DATA SHOWN:
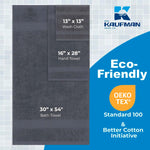 Luxury 100% Cotton Towels | 6 Piece Bath Towel Set | 2 Bath Towels (54 in x 30 in), 2 Hand Towels (16 x 28), 2 Washcloths (13 x 13) | Soft, Absorbent Towels for Bathroom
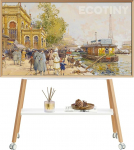 Ratastega teleri statiiv 49-75-tollise teleri jaoks, stiilne metallraam ja puidust riiul, rullitav teleripult koju, kontorisse, stuudiosse, valge v&auml;rviga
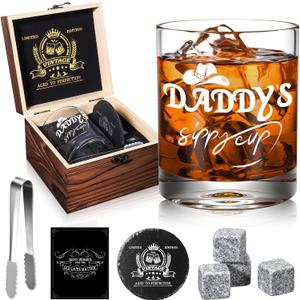 Daddy's Sippy Cup Whiskey Glasses 12 oz, Funny Dad Gifts for New Dad, New Fathers, Husband, Rocks Glasses First Fathers Day from Daughter, Kids, Son, Wife, Cool Papa Gift for Birthday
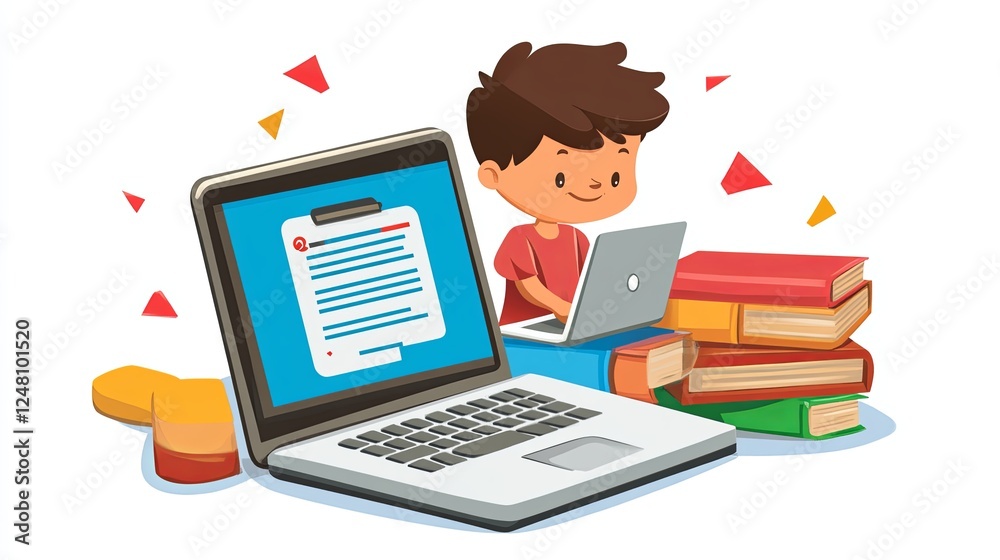 Online Tutoring: A child learning from a tutor through a laptop. Online Tutoring: A child learning from a tutor through a laptop.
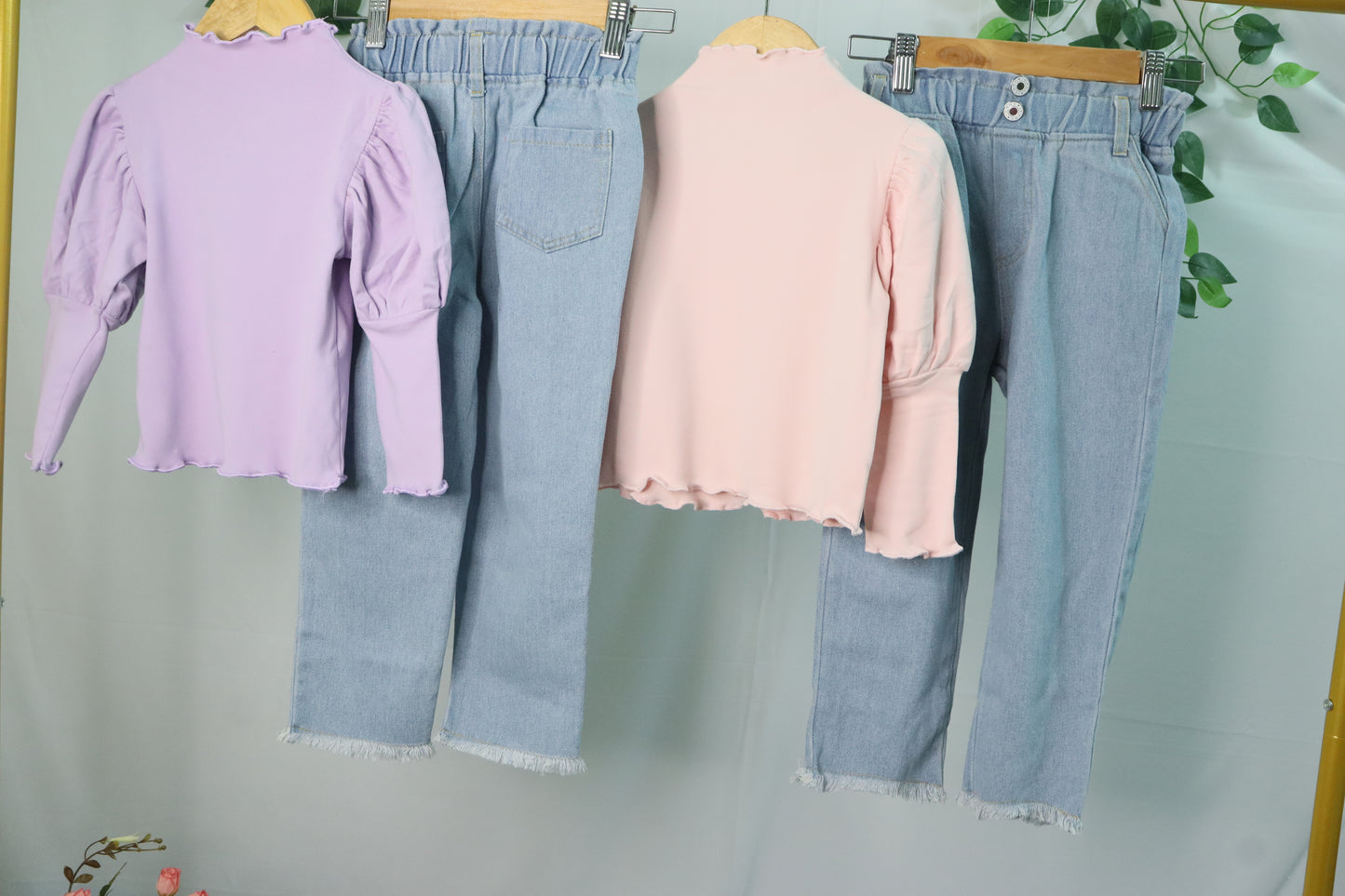 jeans set-peach-girls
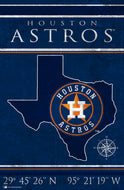 Houston Astros Coordinates Wood Sign - 17"x26"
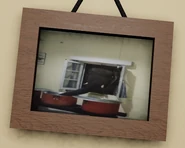 A painting depicting an elephant reaching through a window.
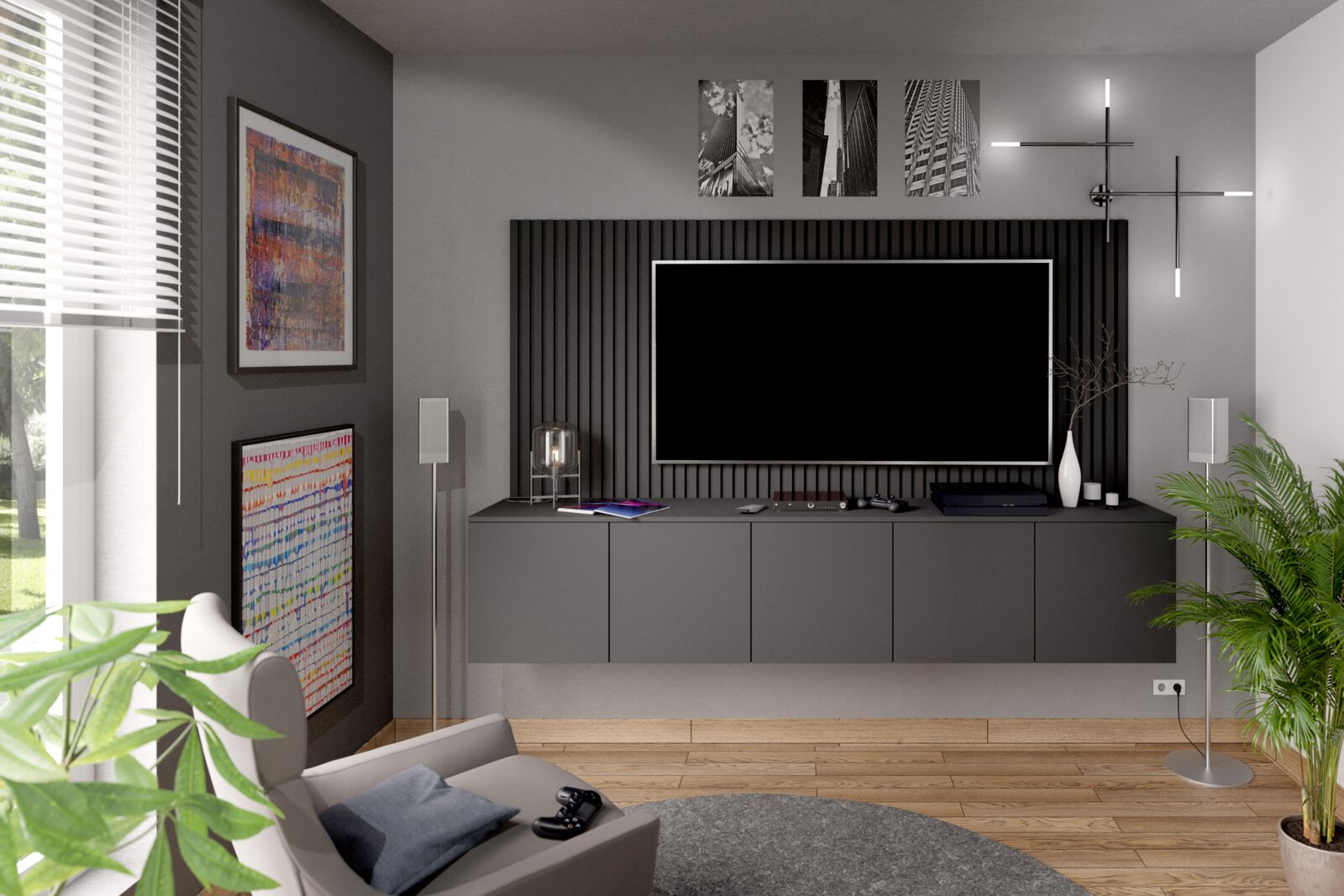 Modernes Wohnzimmer mit grauem Dekopaneel-Set hinter einem großen Fernseher, seitliche Perspektive.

TASK ITEM: Could all the data above be given again exactly, leaving out its images?

EXPECTED OUTPUT:
 Luxury 100% Cotton Towels | 6 Piece Bath Towel Set | 2 Bath Towels (54 in x 30 in), 2 Hand Towels (16 x 28), 2 Washcloths (13 x 13) | Soft, Absorbent Towels for Bathroom
 Ratastega teleri statiiv 49-75-tollise teleri jaoks, stiilne metallraam ja puidust riiul, rullitav teleripult koju, kontorisse, stuudiosse, valge v&auml;rviga
 Daddy's Sippy Cup Whiskey Glasses 12 oz, Funny Dad Gifts for New Dad, New Fathers, Husband, Rocks Glasses First Fathers Day from Daughter, Kids, Son, Wife, Cool Papa Gift for Birthday
 Online Tutoring: A child learning from a tutor through a laptop. Online Tutoring: A child learning from a tutor through a laptop.
 jeans set-peach-girls
 Houston Astros Coordinates Wood Sign - 17"x26"
 A painting depicting an elephant reaching through a window.
 Modernes Wohnzimmer mit grauem Dekopaneel-Set hinter einem großen Fernseher, seitliche Perspektive.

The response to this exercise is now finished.